そのような中で入国管理の関係では、日本への外国人旅行者一千万人を達成することができました。これは前に自民党が政権にいた頃から観光立国を目指して、一千万人ビジット・ジャパンとかYOKOSO!JAPANというキャンペーンを行ってきました。私も短い期間とはいえ国土交通大臣を務めていまして、2011年の東日本大震災等若干厳しかった時期もありましたが、ようやく一千万人の目標が達成できた。そして法務省としてもその達成のために尽力をしてきたので、感慨深いものがありました。その他、入国管理に関してはオリンピック、パラリンピックが7年後にありますので、今後さらに様々な工夫を重ねていかなければならないだろうと思っています。
8月にはルーマニア、フランスに出張して、両国のカウンターパートの方たちと実りある幅広い協議をすることができました。特にフランスとは今まで検察官や、これは私の仕事というか裁判所の仕事ですが、裁判官の交流は活発にあったのですが、今後は矯正等についてもいろいろな交流を進めていくことになりました。社会内処遇や再犯防止を進めていく上で各国の経験を学び、意見交換をしていくことは意味のあることだと思っています。
東日本大震災をどう乗り越えていくかというのは、引き続き我が国の大きな課題です。法務行政についても課題が残っています。東北への視察もしているのですが、今後もさらに力を入れていかなければならないだろうと思っています。

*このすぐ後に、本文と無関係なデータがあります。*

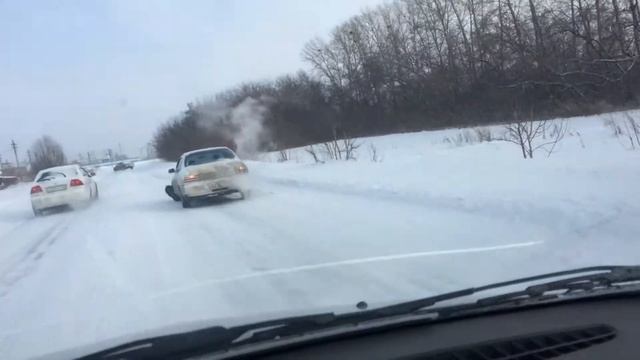 Водить по русски! Как доехать до шиномонтажа если спус смотреть онлайн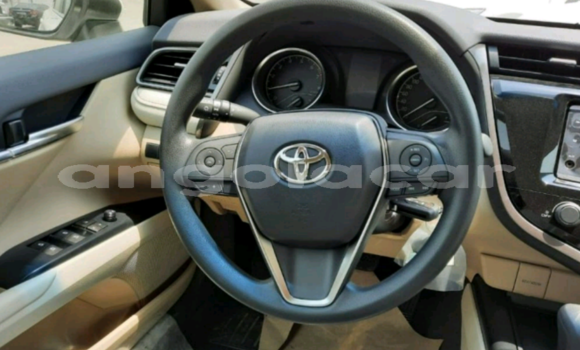 Buy Used Toyota Camry White Car in Luanda in Luanda Province Buy Used Toyota Camry White Car in Luanda in Luanda Province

東北に限らず、様々な施設の視察等もある程度はできました。都内、山口の美祢社会復帰促進センターなど全国各地を訪ねましたが、その中で印象深かったのは東京都小平市のハンセン病施設に行ったことで、過去における日本のハンセン病に対する対応というものを見ることができ、いろいろ学ぶことがありました。
また、京都では交通事故もありましたが、花火大会における事故や水害等々の出来事がありました。事故や災害等々も原因究明や被害者対応を含む事後対策等々に難しい局面があるということも合わせて感じていまして、地元議員としてそのような取り組みも必要だと思っています。
今年を振り返ると様々なことがありましたが、初めに述べましたように処理をしなければならない案件がたくさんあります。来年も国会で法案を通すために大車輪で努力をしなければいけないと思っています。少子化時代ですが、法案処理という面では多産でなければなりません。年末年始、少し鋭気を養って、2014年に臨みたいと思っています。
最後になりましたが、新年が皆様にとりまして良い年になることをお祈りいたします。